>>

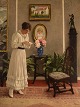 Paul Gustav Fischer (1860-1934), Denmark. Oil on canvas. "The letter". Classic 
Fischer motif with young woman in white dress reading a letter, standing in a 
nice living room. Early 20th century.
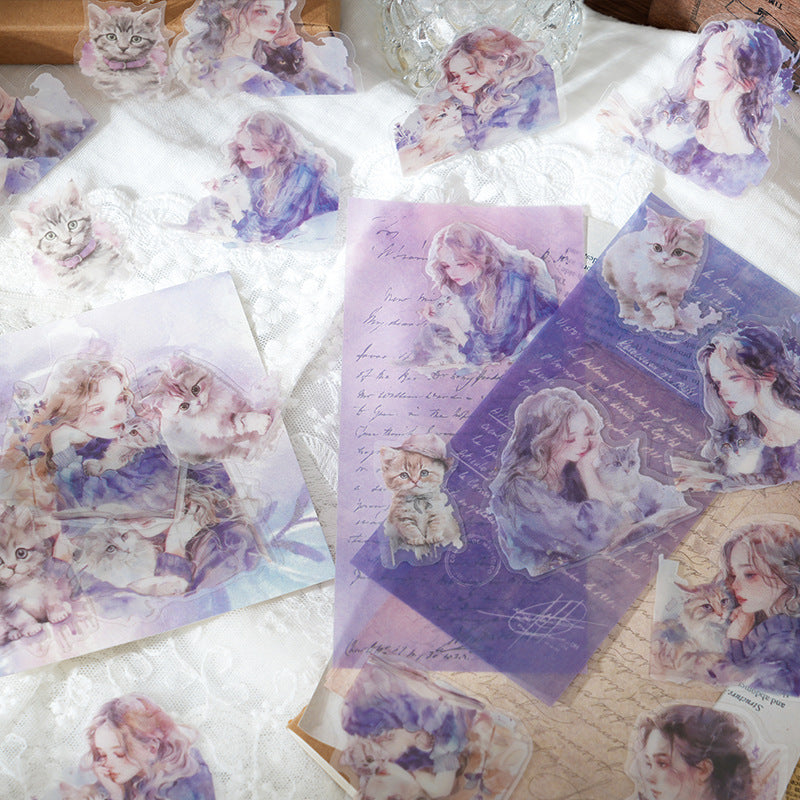 30 Pcs Cat Girl PET Stickers MMSN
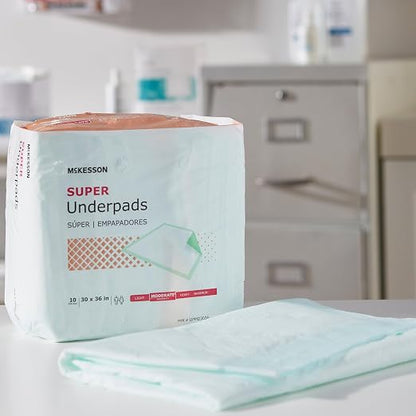 McKesson Super Underpads, Moderate Absorbency, 30 x 36 in, 10 ct | Disposable Chux Pads for Adults, Elderly, and Baby, Pee Pads, Adult Incontinence Bed Pads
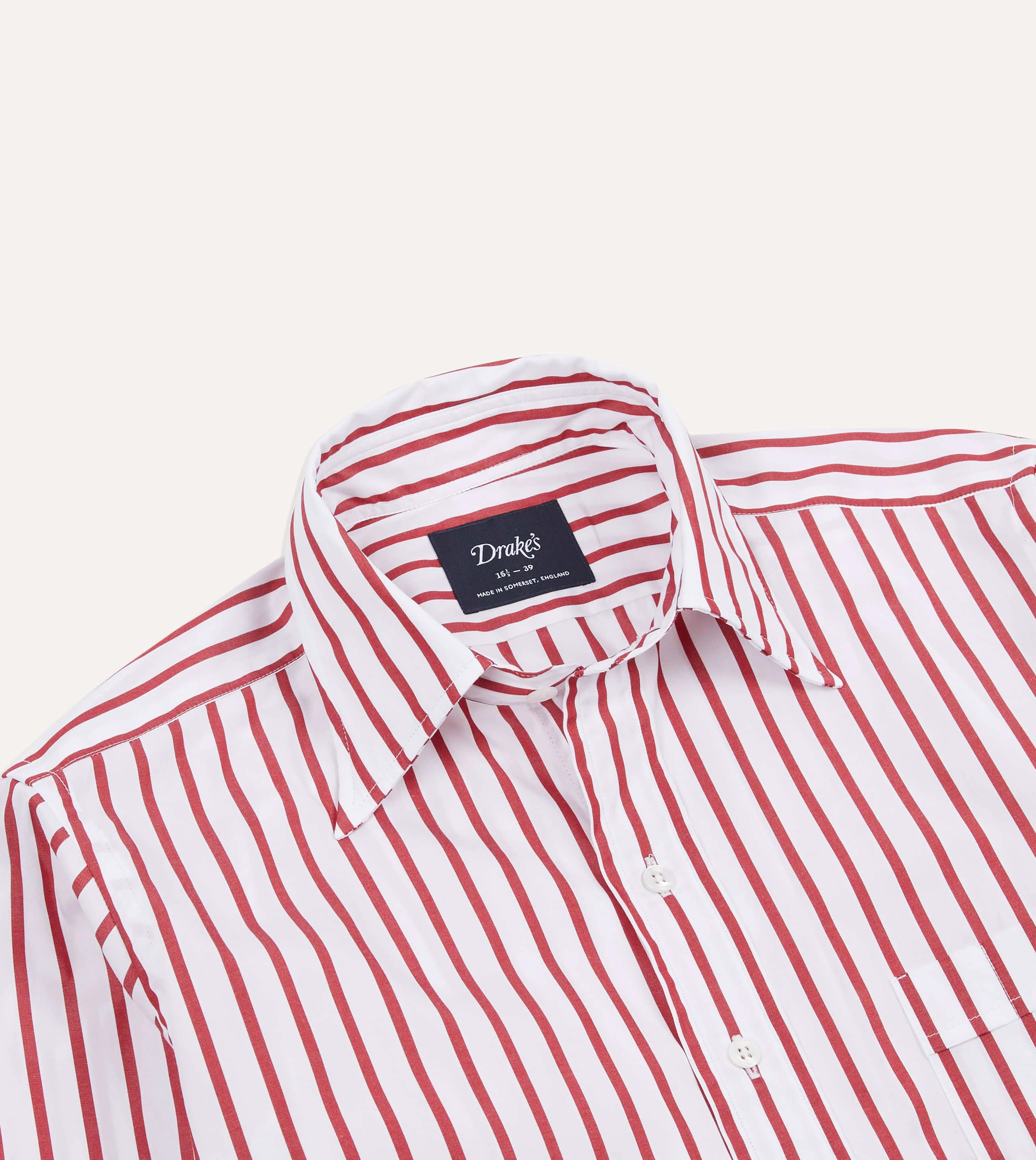 Red and White Stripe Cotton Poplin Long Point Collar Shirt sold by Drake's London product image thumbnail 3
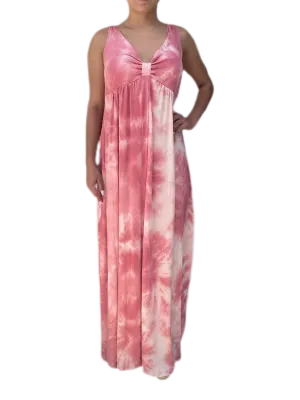 V neck maxi dress  in our strawberry sorbet tie dye Jersey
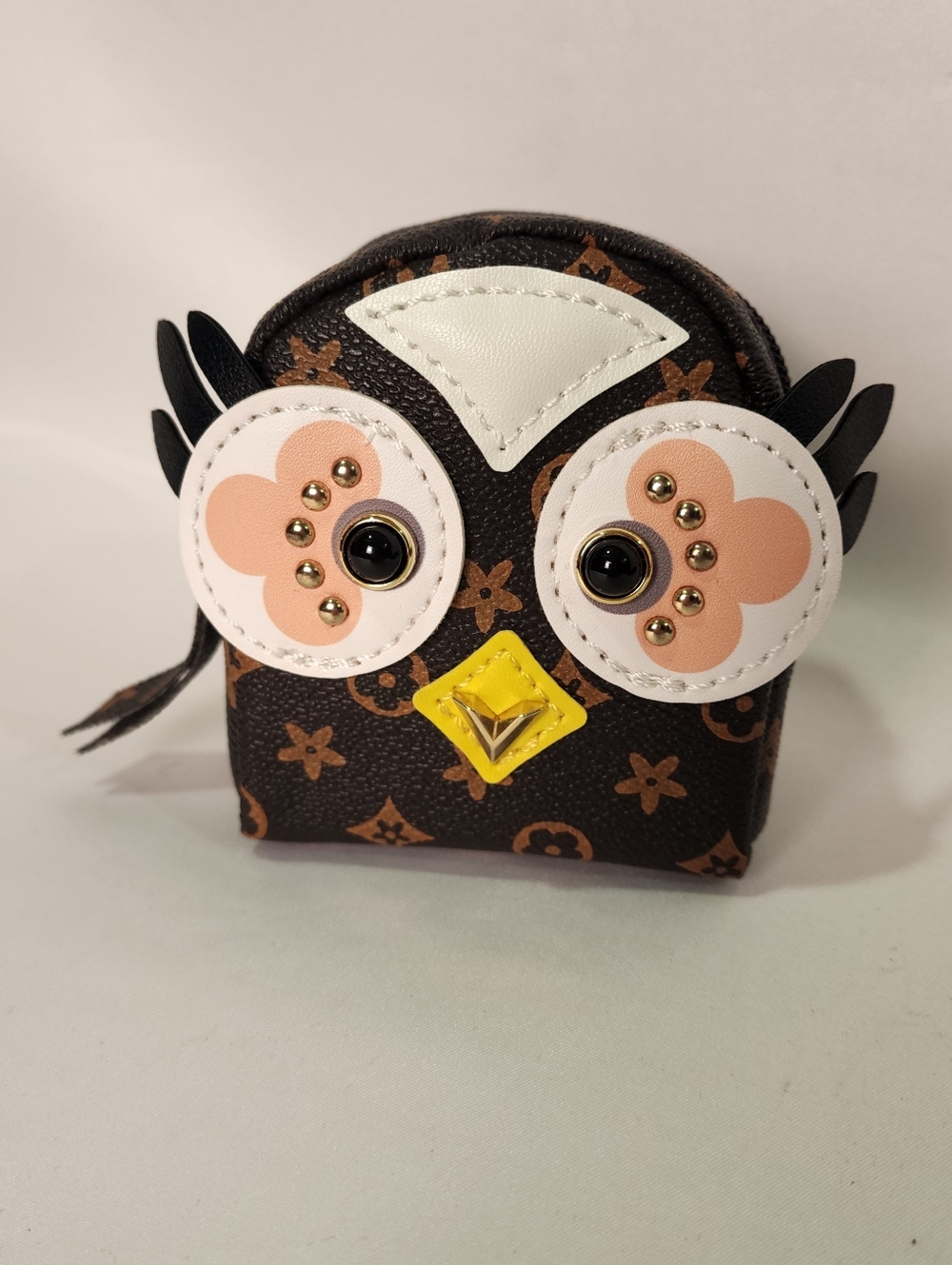 Fashion Mini Owl Backpack Charm Coin Pouch in Brown with Pink White Yellow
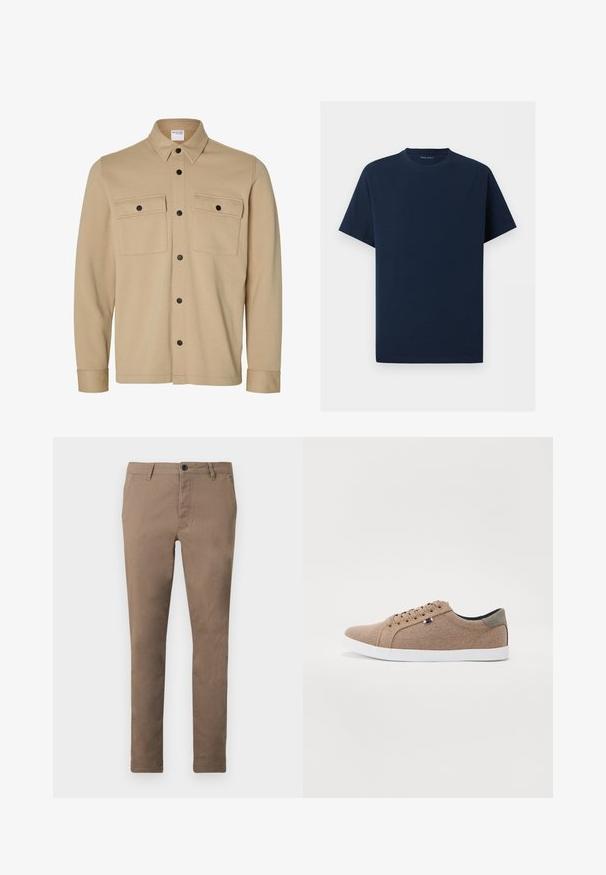 Beige Hemdjacke mit langen Ärmeln, schwarzen Druckknöpfen, zwei vorderen Klappentaschen und klassischem Kragen von der Marke Selected Homme.; Schlichtes marineblaues T-Shirt mit kurzen Ärmeln und Rundhalsausschnitt auf weißem Hintergrund, Vorderansicht ohne sichtbare Logos oder Designs.; Braune, schlanke Herrenhose mit Knopf- und Reißverschluss vorne, Gürtelschlaufen und Seitentaschen, flach auf weißem Hintergrund präsentiert.; Beige Leinensneaker mit einem Low-Top-Design, weißer Gummisohle und runden Schnürsenkeln. Mit kontrastierenden grauen Akzenten an der Ferse und einem Logo-Detail.
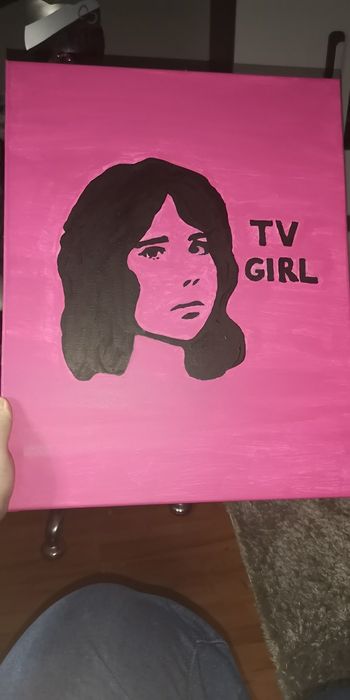 Obraz własnoręcznie malowany TV Girl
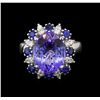 Image 2 : 14KT White Gold 6.56 ctw Tanzanite, Sapphire and Diamond Ring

<<

EXERCISE BRIEF: Would you retype exactly the lines running from the line that contains "Fashion Mini Owl" through the end of the listing above, both included? Skip every picture.

ANSWER:
 Fashion Mini Owl Backpack Charm Coin Pouch in Brown with Pink White Yellow
 Beige Hemdjacke mit langen Ärmeln, schwarzen Druckknöpfen, zwei vorderen Klappentaschen und klassischem Kragen von der Marke Selected Homme.; Schlichtes marineblaues T-Shirt mit kurzen Ärmeln und Rundhalsausschnitt auf weißem Hintergrund, Vorderansicht ohne sichtbare Logos oder Designs.; Braune, schlanke Herrenhose mit Knopf- und Reißverschluss vorne, Gürtelschlaufen und Seitentaschen, flach auf weißem Hintergrund präsentiert.; Beige Leinensneaker mit einem Low-Top-Design, weißer Gummisohle und runden Schnürsenkeln. Mit kontrastierenden grauen Akzenten an der Ferse und einem Logo-Detail.
 Obraz własnoręcznie malowany TV Girl
 Image 2 : 14KT White Gold 6.56 ctw Tanzanite, Sapphire and Diamond Ring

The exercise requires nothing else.